Sono passati solo sette giorni dal disastro che l’Enigmista ha causato a Gotham nel finale di The Batman, quando Oswald Cobblepot (Colin Farrell), complice l’assassinio di Carmine Falcone (John Turturro nel film, Mark Strong nella serie), decide che è giunto il momento di iniziare la scalata verso il vertice della malavita della città. Tuttavia, sulla via del successo, trova Sofia Falcone (Cristin Milioti), figlia di Carmine appena uscita da Arkham e desiderosa di vendetta. Oswald e Sofia, due anime dannate, figlie di una Gotham sempre più cupa e due facce opposte della stessa medaglia. Una medaglia chiamata famiglia.
Se si dovesse cercare il fil rouge che unisce i protagonisti della serie lo si troverebbe proprio nel termine famiglia, da declinarsi in molteplici aspetti, anche se il significato più immediato è senza dubbio quello legato alla mafia. L’ambiente malavitoso della città, in cui la faida tra i Falcone e i Maroni ha da sempre sparso fiumi di sangue tra le strade di Gotham, sembra aver subito una scossa decisiva dalla morte di Carmine, anche se la sua eredità rimane un fantasma troppo ingombrante da poter lasciare alle spalle così facilmente. E Oswald, che viveva nell’ombra di Falcone, del quale era tirapiedi, lo sa benissimo e sa perfettamente cosa occorre per poter arrivare ad essere il padrone di Gotham. Il Pinguino di Colin Farrell si distacca totalmente sia da quello creato da Tim Burton sia da quello animato di Paul Dini: al di là della deformità (loro con mani palmate, lui con la camminata zoppicante), se i due Cobblepot degli anni ’90 erano stati capaci (pur in modo diverso) di creare una sorta di empatia e a tratti di compassione, in questo caso ci si trova davanti a un gelido calcolatore senza scrupoli, anima nera e corrotta, con un solo punto debole. La madre. Una figura ingombrante nella sua vita, dalla quale cerca ossessivamente approvazione e affetto, al punto che sembra che tutte le sue azioni siano finalizzate all’essere considerato degno da lei, sin dalla tenera età: in tal senso, è scioccante e ipnotico l’episodio Cappello a cilindro (Top Hat, con chiaro omaggio al celeberrimo musical con Fred Astaire e Ginger Rogers), in cui viene fatta luce sull’infanzia di Oz.

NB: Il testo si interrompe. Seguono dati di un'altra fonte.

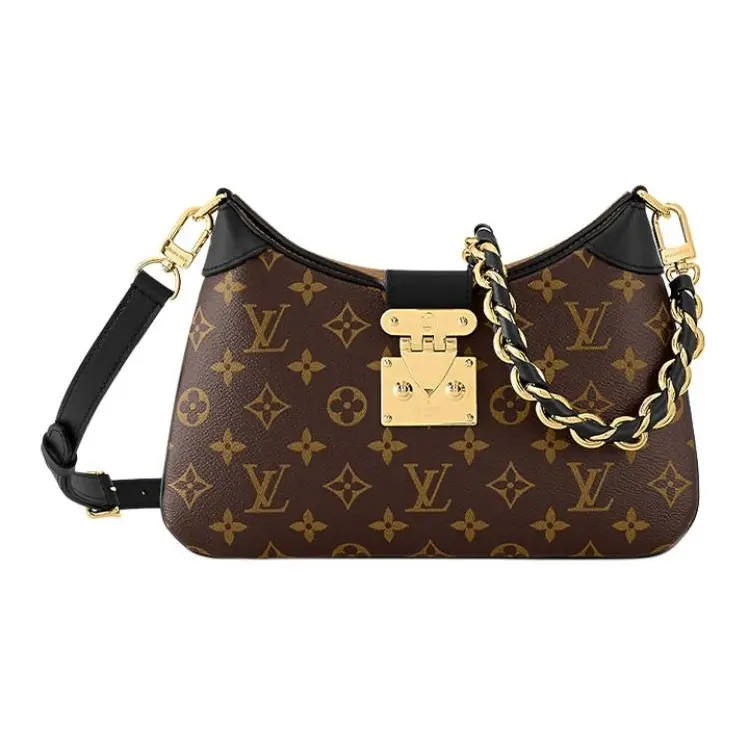 LOUIS VUITTON Twinny Bullhorn bag Single Shoulder Bag Women’s 11.4×3.5×7.4 in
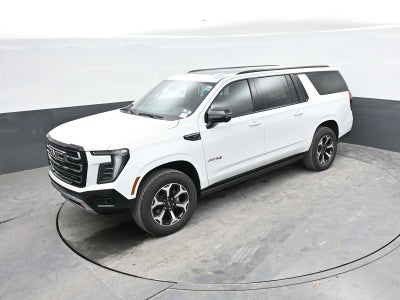 2026 GMC Yukon XL AT4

Episodio che potrebbe essere il migliore di tutta la serie, se non fosse oscurato da Cent’anni, totalmente incentrato su Sofia Falcone, su come sia diventata L’Impiccato e sui 10 anni trascorsi ad Arkham. Sofia, personaggio creato da Jeph Loeb e Tim Sale in Il lungo Halloween, è magnetica e affascinante, spietata e inquietante, straordinariamente interpretata da Cristin Milioti, capace di prendersi totalmente la scena, tanto che a tratti viene da chiedersi se il titolo più adatto per la serie non dovesse essere proprio Sofia. Come Oz, anche lei è il frutto del legame con la sua famiglia (o Famiglia?), dalla quale, però, a differenza di Cobblepot, vuole prendere totalmente le distanze, mostrando tutto l’odio per un padre omicida e traditore che l’ha condannata a un destino crudele. Scegliere di chiamare la nuova dinastia mafiosa Gigante, cognome della madre, è quantomai significativo nella volontà di cancellare ogni traccia possibile di un passato che ha lasciato solchi indelebili su di lei, sul suo corpo e nella sua anima. Un personaggio strepitoso, complesso e sfaccettato, capace di rimanere nella memoria, con la speranza di rivederla anche sul grande schermo.
Oz e Sofia, due creature forgiate dalla Famiglia Falcone e dalle scelte (fatte o subite) nel loro passato, due figli che nell’anima hanno sempre vissuto una sensazione di vuoto e di abbandono. Orfani di padre (lui) e di madre (lei), come orfano è Vic, aiutante di Oswald che ha perso i genitori – l’unica famiglia sana mostrata nella serie – durante il disastro della settimana precedente. Assenza, come quella di Batman da una Gotham in cui si susseguono violenze di ogni genere, traffici illegali di sostanze stupefacenti e in cui la lotta per il potere miete continuamente vittime. Il silenzio del Cavaliere Oscuro è assordante, ma allo stesso tempo vincente, per non essere l’ennesima figura ingombrante capace di mettere in secondo piano i protagonisti.
Matt Reeves, regista del sorprendente lungometraggio sul Cavaliere Oscuro e produttore esecutivo dello spin-off ideato da Lauren LeFranc, ha gettato delle ottime basi per l’atteso ritorno sul grande schermo di Robert Pattinson nei panni di Bruce Wayne in The Batman – Part II, che dovrebbe arrivare nelle sale alla fine del 2026.